[[ DATA PROVIDED, beginning ]]

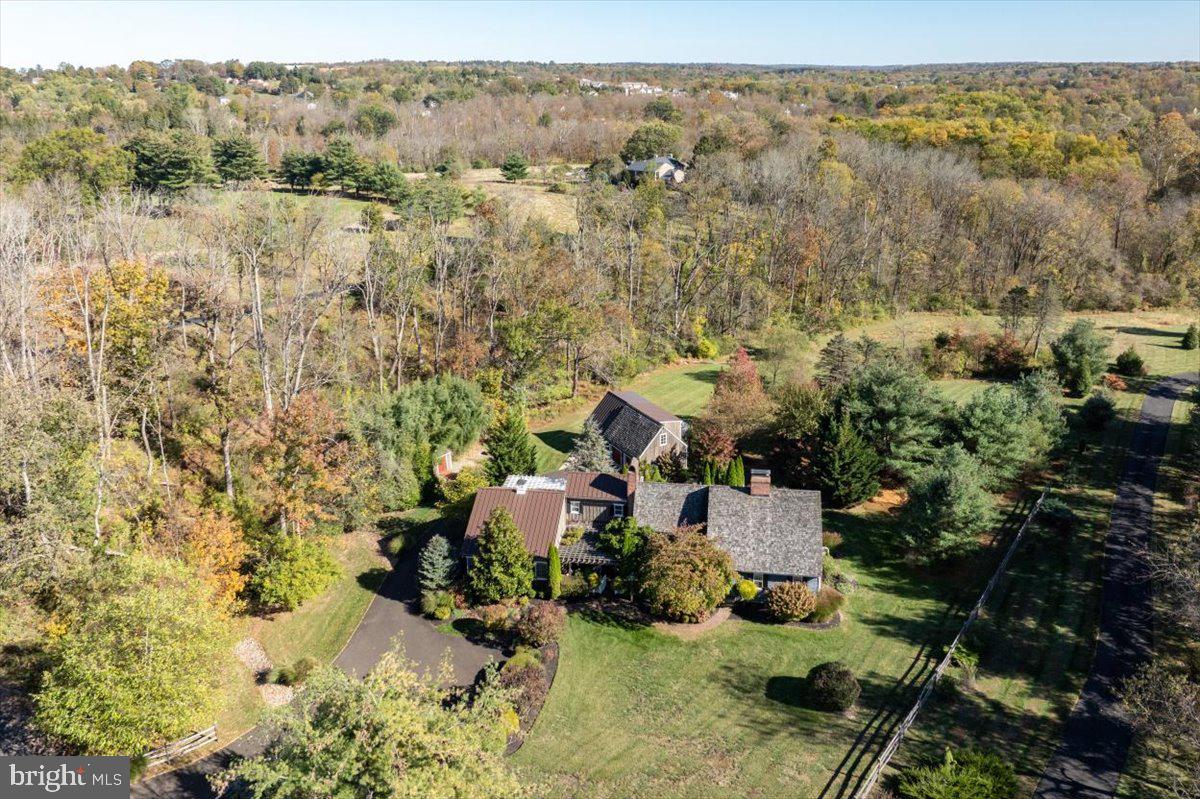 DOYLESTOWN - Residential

[[ DATA PROVIDED, end ]]
[[ DATA PROVIDED, beginning ]]

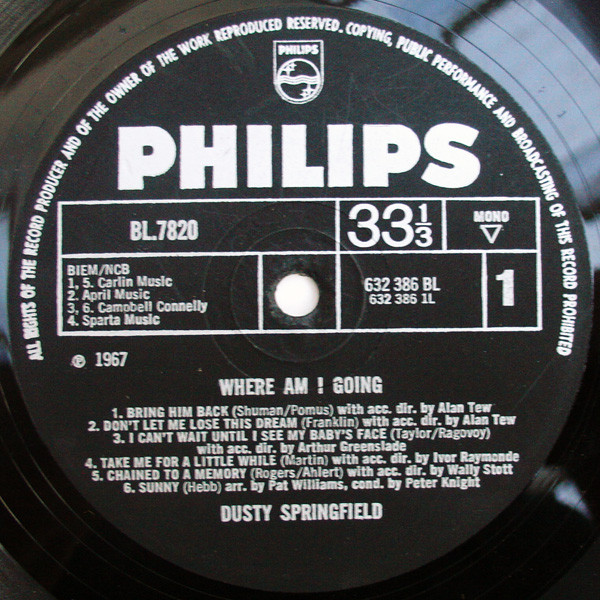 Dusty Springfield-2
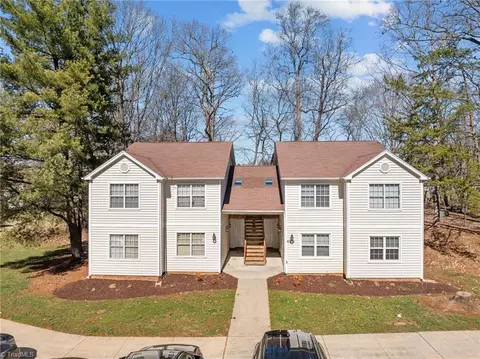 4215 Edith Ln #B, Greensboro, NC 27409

[[ DATA PROVIDED, end ]]

**WHAT TO WORK ON:** Using the material above, transcribe exactly the lines from the one holding "Dusty Springfield-2" to the one holding "4215 Edith Ln #B, Greensboro, NC 27409", both ends kept. Do not carry over any pictures.

**OUTPUT OF THE EXERCISE:**
 Dusty Springfield-2
 4215 Edith Ln #B, Greensboro, NC 27409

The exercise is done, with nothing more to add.